Page added on September 8, 2009
Turkey says it cannot give drought-stricken Iraq and Syria any more water from the Euphrates and Tigris rivers, claiming it’s short of water itself as it forges ahead with a mammoth dam-building program.
The thirsty downstream states, witnessing their farmland turning into dustbowls and their people migrating to overcrowded cities, say Turkey’s dams are the root of the problem. Both rivers rise in Turkish Anatolia.
“We’re aware of the need for water in our neighbors… but we do not have a lot of it in the reservoirs of our dams,” Turkey’s energy minister, Taner Yildiz, told his Iraqi and Syrian counterparts when they met in Ankara Friday.
The water issue has assumed strategic proportions for Iraq and Syria, which depend on the Euphrates and the Tigris for the bulk of their water.
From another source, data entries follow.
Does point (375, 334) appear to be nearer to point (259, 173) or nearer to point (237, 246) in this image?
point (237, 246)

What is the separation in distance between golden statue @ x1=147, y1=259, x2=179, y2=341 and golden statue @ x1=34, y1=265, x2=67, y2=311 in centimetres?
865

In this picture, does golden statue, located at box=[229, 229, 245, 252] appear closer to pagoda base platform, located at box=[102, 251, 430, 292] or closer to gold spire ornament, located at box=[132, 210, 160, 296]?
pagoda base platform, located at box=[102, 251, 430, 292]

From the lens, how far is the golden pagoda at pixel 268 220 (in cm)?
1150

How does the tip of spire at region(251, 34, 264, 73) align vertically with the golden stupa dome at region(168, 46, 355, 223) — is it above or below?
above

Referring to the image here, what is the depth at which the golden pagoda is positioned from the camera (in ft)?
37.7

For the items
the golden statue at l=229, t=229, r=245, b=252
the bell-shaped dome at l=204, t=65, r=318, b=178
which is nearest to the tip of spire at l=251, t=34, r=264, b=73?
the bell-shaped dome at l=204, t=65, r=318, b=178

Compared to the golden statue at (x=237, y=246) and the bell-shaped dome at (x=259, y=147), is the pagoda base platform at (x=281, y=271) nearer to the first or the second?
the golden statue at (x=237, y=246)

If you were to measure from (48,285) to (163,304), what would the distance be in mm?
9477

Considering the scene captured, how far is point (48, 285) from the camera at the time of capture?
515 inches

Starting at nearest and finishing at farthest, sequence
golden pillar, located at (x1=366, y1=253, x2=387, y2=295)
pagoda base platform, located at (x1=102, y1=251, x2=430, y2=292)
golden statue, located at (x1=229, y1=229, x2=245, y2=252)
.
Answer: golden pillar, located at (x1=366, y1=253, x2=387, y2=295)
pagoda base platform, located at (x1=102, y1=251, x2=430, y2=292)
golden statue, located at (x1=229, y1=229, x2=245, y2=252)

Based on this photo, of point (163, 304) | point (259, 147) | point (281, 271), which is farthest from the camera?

Iraq is currently being ravaged by severe dust storms of a magnitude not seen for decades. Some officials are calling this an environmental catastrophe that is ruining what was once the region’s most fertile land, turning it into a desert. Drinking water is becoming scarce.
It’s the same across the entire Middle East. The region has been gripped by a worsening drought for four years and faces a deteriorating crisis over dwindling water resources.
The Middle East’s population is rising at an average rate of around 3.5 percent a year. It has more than quadrupled since 1950, to 364 million. It’s expected to hit 600 million by 2050.